Difficult times call for difficult decisions. If you’re struggling financially, Chapter 7 bankruptcy can help you get out of debt, protect your assets, and obtain a discharge order.

Because each bankruptcy case is unique, filing for Chapter 7 can be risky if you don’t have proper planning, consideration, and experience. The Chapter 7 bankruptcy lawyers at Middlebrooks Shapiro, P.C. are here for you. They’ll listen to you, focus on the big picture, and give the guidance you need to get through this very difficult time.

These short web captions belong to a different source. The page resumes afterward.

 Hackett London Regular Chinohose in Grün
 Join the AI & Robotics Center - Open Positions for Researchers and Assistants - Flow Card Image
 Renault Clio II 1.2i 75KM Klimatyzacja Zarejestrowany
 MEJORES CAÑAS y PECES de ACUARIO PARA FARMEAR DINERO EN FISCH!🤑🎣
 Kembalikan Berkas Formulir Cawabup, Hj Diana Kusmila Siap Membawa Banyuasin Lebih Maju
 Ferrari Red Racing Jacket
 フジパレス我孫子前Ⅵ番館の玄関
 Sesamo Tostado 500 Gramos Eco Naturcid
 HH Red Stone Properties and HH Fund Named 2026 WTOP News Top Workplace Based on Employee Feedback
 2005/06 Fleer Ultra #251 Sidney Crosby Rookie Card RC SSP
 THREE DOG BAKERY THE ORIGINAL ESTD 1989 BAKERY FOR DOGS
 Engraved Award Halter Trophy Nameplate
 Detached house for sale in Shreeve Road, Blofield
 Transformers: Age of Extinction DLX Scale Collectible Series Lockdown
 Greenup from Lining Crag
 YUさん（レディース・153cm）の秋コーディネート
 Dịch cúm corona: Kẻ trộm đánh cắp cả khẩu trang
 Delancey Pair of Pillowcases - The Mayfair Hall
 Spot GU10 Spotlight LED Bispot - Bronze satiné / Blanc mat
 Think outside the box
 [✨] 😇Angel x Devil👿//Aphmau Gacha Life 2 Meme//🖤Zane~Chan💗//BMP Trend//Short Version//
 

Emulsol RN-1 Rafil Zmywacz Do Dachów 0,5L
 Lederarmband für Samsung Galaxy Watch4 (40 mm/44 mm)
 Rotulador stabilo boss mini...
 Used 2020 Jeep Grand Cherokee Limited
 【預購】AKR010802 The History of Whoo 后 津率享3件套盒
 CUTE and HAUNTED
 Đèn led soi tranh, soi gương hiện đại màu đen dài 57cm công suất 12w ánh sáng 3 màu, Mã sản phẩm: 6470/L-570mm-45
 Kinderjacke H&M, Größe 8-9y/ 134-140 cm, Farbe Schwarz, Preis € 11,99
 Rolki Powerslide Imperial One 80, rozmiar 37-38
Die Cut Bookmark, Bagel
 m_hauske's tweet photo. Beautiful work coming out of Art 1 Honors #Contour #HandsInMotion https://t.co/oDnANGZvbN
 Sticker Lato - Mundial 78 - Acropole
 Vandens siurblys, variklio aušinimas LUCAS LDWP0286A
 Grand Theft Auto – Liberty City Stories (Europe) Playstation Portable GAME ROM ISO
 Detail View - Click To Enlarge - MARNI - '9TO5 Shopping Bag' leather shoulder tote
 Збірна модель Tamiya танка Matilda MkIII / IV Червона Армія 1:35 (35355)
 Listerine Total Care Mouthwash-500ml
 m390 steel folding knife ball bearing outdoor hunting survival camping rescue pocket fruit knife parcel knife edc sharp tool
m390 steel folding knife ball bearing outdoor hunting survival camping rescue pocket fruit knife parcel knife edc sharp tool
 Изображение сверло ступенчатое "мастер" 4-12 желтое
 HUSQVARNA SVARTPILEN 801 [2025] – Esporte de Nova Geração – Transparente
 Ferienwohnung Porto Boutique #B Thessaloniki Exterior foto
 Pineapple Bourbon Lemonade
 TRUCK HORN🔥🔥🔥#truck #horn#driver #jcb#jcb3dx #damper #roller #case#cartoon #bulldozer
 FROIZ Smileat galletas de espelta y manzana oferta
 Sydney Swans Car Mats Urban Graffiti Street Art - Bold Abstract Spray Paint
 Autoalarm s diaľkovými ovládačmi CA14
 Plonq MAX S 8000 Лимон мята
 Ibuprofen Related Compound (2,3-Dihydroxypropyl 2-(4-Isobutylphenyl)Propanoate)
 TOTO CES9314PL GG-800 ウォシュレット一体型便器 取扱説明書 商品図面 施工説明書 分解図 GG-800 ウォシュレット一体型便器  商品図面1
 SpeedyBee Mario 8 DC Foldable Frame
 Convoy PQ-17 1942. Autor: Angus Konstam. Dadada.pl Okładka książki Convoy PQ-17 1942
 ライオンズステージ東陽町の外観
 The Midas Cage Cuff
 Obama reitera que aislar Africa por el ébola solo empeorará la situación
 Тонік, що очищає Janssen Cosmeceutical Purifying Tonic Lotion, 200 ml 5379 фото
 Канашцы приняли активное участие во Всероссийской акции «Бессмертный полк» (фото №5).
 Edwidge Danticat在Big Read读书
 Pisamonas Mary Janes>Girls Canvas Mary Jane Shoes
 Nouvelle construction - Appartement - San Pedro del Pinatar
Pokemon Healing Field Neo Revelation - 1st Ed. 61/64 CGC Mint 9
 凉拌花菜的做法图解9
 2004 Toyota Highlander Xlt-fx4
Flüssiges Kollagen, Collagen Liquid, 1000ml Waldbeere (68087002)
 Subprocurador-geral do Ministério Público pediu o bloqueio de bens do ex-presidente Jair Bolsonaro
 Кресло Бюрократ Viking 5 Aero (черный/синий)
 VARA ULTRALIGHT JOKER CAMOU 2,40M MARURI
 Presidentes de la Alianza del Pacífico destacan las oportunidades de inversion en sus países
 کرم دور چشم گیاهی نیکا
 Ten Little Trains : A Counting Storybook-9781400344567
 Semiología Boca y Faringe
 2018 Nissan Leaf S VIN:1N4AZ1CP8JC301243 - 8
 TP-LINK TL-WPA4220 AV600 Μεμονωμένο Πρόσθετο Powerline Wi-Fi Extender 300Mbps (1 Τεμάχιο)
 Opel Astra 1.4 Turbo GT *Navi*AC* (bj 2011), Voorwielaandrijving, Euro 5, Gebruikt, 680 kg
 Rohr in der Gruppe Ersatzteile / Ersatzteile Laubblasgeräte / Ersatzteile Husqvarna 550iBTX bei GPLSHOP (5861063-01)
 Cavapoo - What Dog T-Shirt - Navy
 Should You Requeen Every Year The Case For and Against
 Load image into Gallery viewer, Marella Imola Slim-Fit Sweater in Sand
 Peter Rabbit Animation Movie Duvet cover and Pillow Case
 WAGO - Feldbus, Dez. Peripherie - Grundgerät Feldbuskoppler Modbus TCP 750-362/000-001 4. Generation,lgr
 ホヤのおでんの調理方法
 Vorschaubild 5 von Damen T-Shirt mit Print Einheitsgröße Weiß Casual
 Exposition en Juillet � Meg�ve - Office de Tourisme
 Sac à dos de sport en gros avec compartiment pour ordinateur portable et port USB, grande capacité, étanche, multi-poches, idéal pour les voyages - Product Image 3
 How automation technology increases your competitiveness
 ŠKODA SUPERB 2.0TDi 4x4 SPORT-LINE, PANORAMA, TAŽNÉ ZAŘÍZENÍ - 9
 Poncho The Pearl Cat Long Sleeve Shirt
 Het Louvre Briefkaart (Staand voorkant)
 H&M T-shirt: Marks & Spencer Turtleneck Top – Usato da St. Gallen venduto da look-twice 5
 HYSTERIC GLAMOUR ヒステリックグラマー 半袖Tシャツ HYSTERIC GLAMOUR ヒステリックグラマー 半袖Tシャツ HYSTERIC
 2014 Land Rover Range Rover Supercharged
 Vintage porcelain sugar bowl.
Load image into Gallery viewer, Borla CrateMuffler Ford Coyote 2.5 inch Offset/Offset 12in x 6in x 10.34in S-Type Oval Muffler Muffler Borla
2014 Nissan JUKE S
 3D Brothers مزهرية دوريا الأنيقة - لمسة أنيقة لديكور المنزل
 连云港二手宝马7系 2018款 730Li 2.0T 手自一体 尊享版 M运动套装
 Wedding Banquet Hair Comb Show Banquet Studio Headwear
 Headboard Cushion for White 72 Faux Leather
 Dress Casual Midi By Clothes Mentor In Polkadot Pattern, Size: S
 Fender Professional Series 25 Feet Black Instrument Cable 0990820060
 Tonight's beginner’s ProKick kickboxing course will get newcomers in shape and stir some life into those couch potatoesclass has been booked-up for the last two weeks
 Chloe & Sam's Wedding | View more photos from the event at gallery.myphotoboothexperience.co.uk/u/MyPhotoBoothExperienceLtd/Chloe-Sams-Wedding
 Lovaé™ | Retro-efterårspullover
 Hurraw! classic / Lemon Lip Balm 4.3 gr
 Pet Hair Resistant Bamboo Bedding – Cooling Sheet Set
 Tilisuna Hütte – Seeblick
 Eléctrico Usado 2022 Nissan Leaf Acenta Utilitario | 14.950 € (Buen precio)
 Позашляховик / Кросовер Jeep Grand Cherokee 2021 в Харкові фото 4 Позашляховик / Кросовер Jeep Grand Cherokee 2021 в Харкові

Ready for a fresh start? Let us help you. Schedule your free Chapter 7 bankruptcy consultation today!

What Is Chapter 7 Bankruptcy?

Chapter 7 bankruptcy is a federal law that has empowered millions of people to rid themselves of many kinds of debts, including credit card debts, medical debts, personal guarantees, car loans, mortgages, and many other debts. Chapter 7 bankruptcy is best for people, or married couples, who have more debt then they can pay back, who don’t have too many assets to protect from liquidation, and who don’t need to pay back certain debts like mortgage or car note arrears.

How Does Chapter 7 Work?

file for bankruptcy chapter 7 nj
file for bankruptcy chapter 7 nj

To file Chapter 7 bankruptcy, you must file paperwork with a Bankruptcy Court explaining what assets you own, what income you make each month, how much you spend each month, and a number of other questions about your finances. You’ll need to refer to certain documents when completing this paperwork, including your income proofs, if any, your tax returns, and your bank statements. This paperwork is called a bankruptcy petition. The point of a bankruptcy petition is to disclose to the Bankruptcy Court and your creditors exactly what you own, what you owe, and whether you have the means to pay back some or all of your debts.

A person will be assigned to your Chapter 7 bankruptcy case to review your petition and other documents. This person is called a Chapter 7 trustee. Your trustee will review your bankruptcy petition, and other forms and documents, to understand your finances, and to ensure that you have complied with the Bankruptcy Code.

Your Chapter 7 trustee is also required to hold a meeting to discuss your petition, and to allow your creditors to ask questions about your financial situation. This is called a 341 meeting of creditors, and refers to Section 341 of the Bankruptcy Code which requires this meeting to be held.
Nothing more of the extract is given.